A Pakistani official said the Americans hired locals because "the presence of white caucasians in Abbottabad would obviously have drawn attention". Since being arrested men have claimed they did not know they were working for the CIA.
"Some are saying they didn't know they were working for a foreign organisation. They said they were approached by a Pakistani, reported to a Pakistani and they weren't spying on Pakistan – they were spying on terrorists," he said.
One of those detained was believed to be a medic with the army medical corps, the official said. But the army spokesman said that was not true.
The arrests may bring fresh attention to a house 200 feet behind Bin Laden's back wall, on the far side of a field. Neighbours say it is owned by a serving army major.
The nameplate, which read Major Amir Aziz, was removed within days of the raid.
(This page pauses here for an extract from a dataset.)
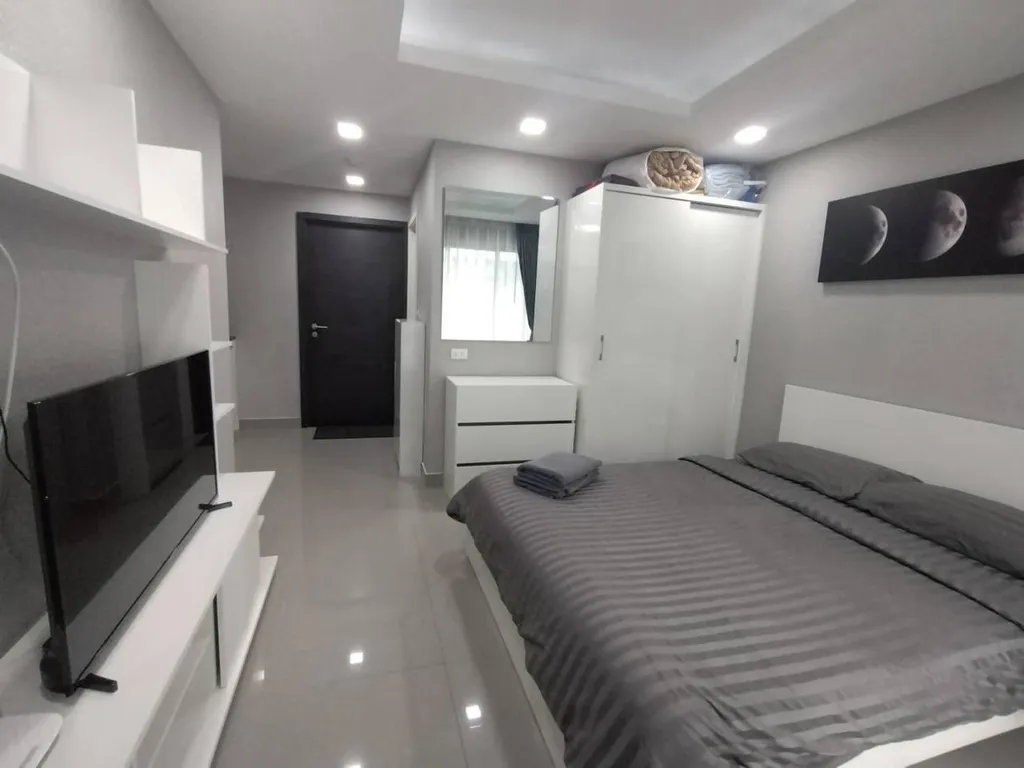 Новая светлая студия возле русского рынка на Пратамнаке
The occupants of the house refused to answer the door.
A US official said only one of the arrested men was "related" to the US government and he was not a military official.
Pakistani officials insist they are within their rights to crack down on soldiers or civilians involved in foreign espionage. "No country would allow its officials or people to spy for another country," said one.
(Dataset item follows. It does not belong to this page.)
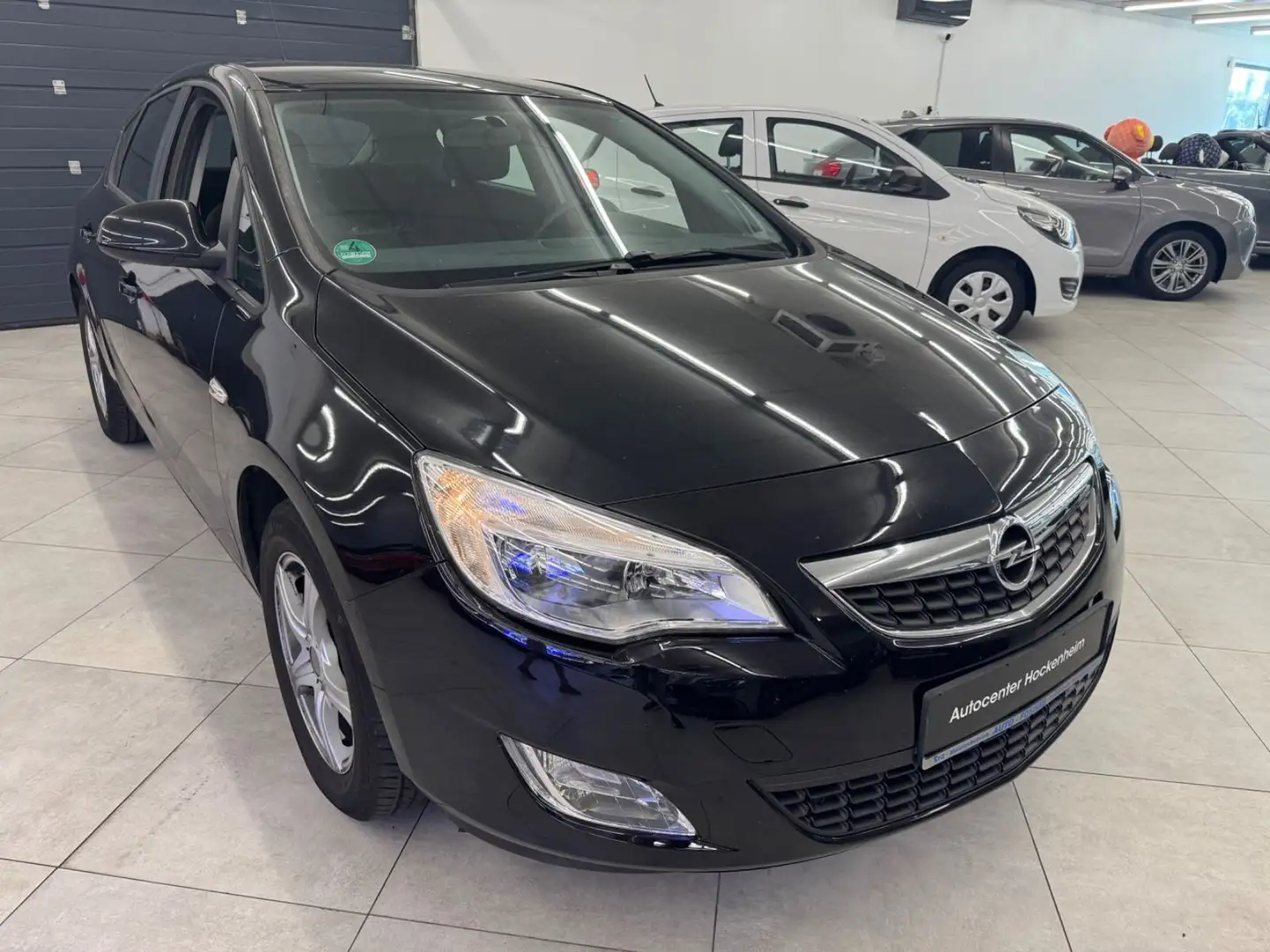 Opel Astra J Lim. 5-trg. Selection Schwarz - 1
But American anger is fuelled by Pakistan's failure to locate any of the people who helped protect Bin Laden in Abbottabad for up to six years.
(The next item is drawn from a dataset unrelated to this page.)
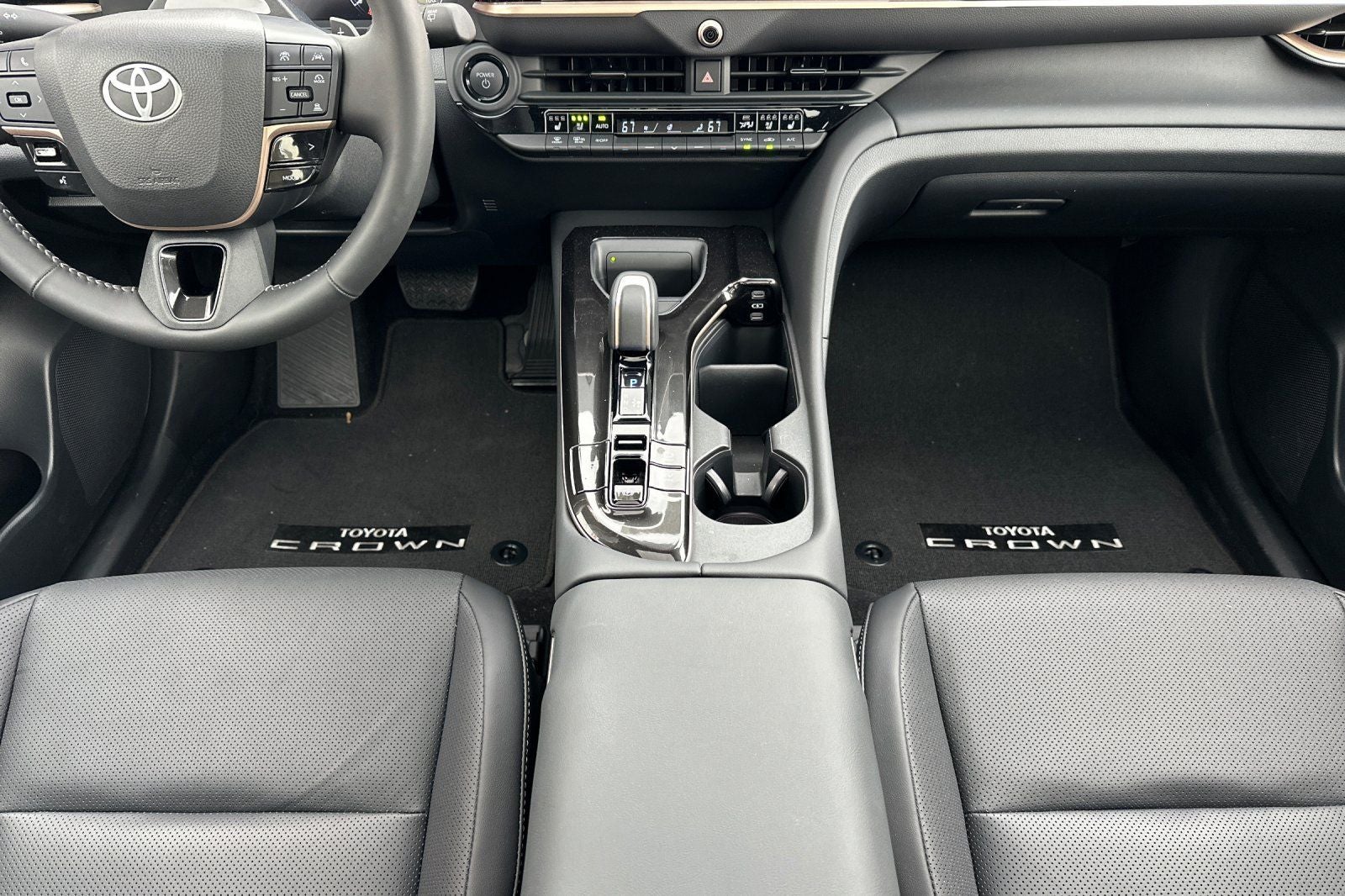 2025 Toyota Crown Signia Limited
In a closed briefing last week senior congressmen asked the CIA deputy director, Michael Morell, to rate Pakistan's counter-terrorism cooperation on a scale of one to 10. "Three," replied Morell according to the New York Times.
Positions are hardening in Pakistan too. The military has shut down a US military training programme for the Frontier Corps paramilitary force, which leads the fight against the Pakistani Taliban in the tribal belt.
Last week the army leadership disputed US claims of $15bn in aid over the past decade. The true figure was $1.4bn with another $6.2bn going to the civilian government, a statement said.
The ISI is trying to expose undeclared CIA agents by scrutinising visas issued to suspicious foreigners. A US citizen living in Islamabad and married to a Pakistani has been arrested and charged with "anti-state activities".
Senior US officials have warned their Pakistani counterparts that if US personnel are barred from Pakistan, the CIA will find other ways of conducting espionage including drawing on the large Pakistani-American Muslim diaspora.
The CIA's biggest worry, though, is that Pakistan will restrict drone strikes against militant targets in the tribal belt. These attacks have continued unhindered since Bin Laden's death.
Some drones take off from an airstrip in western Balochistan province but are being moved to Afghanistan as a contingency measure.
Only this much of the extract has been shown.